Ludolf BAKHUYSEN - The man-of-war 'Brielle' on the Maas near Rotterdam 1689

Ludolf BAKHUYSEN 1631–1708
The man-of-war 'Brielle' on the Maas near Rotterdam
1689
oil on canvas
130.0 x 197.0 cm
Rijksmuseum, Amsterdam

Pieter de HOOCH - Interior with a mother delousing her child's hair - A mother's duty 1658-1660

Pieter de HOOCH
1629–1684
Interior with a mother delousing her child's hair – A mother's duty 1658–1660
oil on canvas
52.5 x 61.0 cm
Rijksmuseum, Amsterdam

Exhibition themes: Introduction


In the sixteenth century, the Northern Netherlands was part of the Spanish Empire. The vast majority of people of that area were Protestant, their faith bringing them in open conflict with their Catholic Spanish rulers. In 1581, seven rebellious provinces in the Netherlands – Friesland, Gelderland, Groningen, Holland, Overijssel, Utrecht and Zeeland – declared that they no longer recognized Philip II as their ruler and staged an open revolt. Prince William I of Orange (1533–1584) had been appointed administrator of the provinces of Holland, Zeeland and Utrecht; however, early on in the war he became the undisputed leader of the Northern rebellion. William was assassinated in 1584 and efforts to find a head of state to succeed him failed. In 1588 the provinces decided that they had no need for a successor and founded an independent republic, known as the Seven United Provinces.

During much of the seventeenth century, the provinces governed independently, only occasionally selecting a stadholder (head of state) to act for all in matters of foreign policy and military matters. Economic and social power was largely in the hands of the growing middle and merchant classes in each of the provinces.

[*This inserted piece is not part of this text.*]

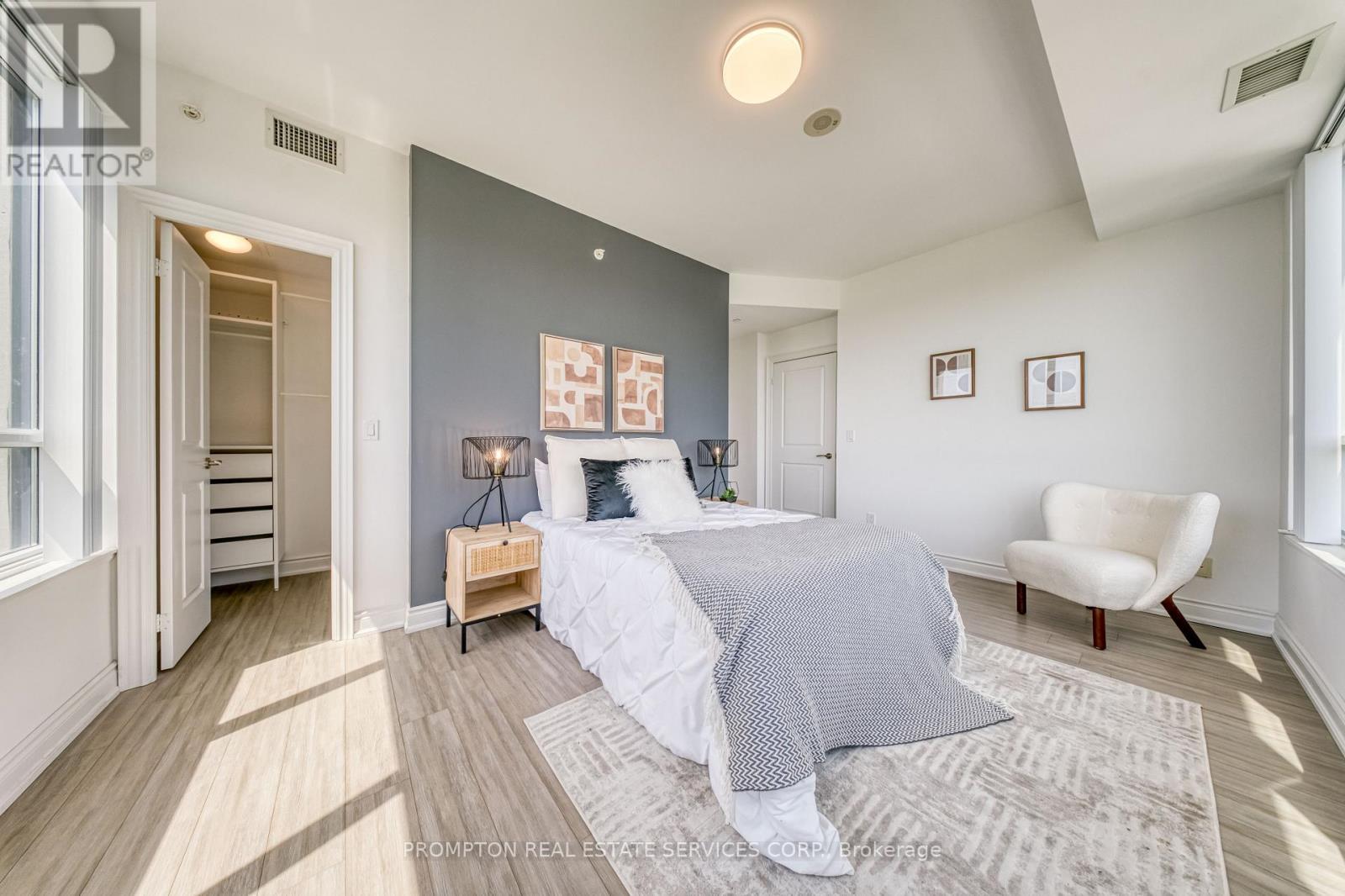1208 - 38 Cedarland Drive, Markham, ON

Dutch painters depicted daily life in the Republic in such strong and vivid terms that even today our image of the country, its customs and the social life of its inhabitants bears the indelible hallmark of their particular way of seeing. In the plain but neat Dutch interiors, we follow servant girls going about their daily duties, a mother attending to her child, an artisan totally absorbed in his craft. Elsewhere we see wealthy Dutch merchants posing in front of their country estates, far from the overcrowded cities. Their cultivated way of life was in stark contrast to other familiar scenes from this era, those of excessive drinking and feasting folk in peasant taverns. Not only the governor of the VOC (the Dutch East India Company) and important politicians and members of the nobility, but also the market woman selling her wares, the tailor, and the housewife were all portrayed as individuals by the painters of the Golden Age.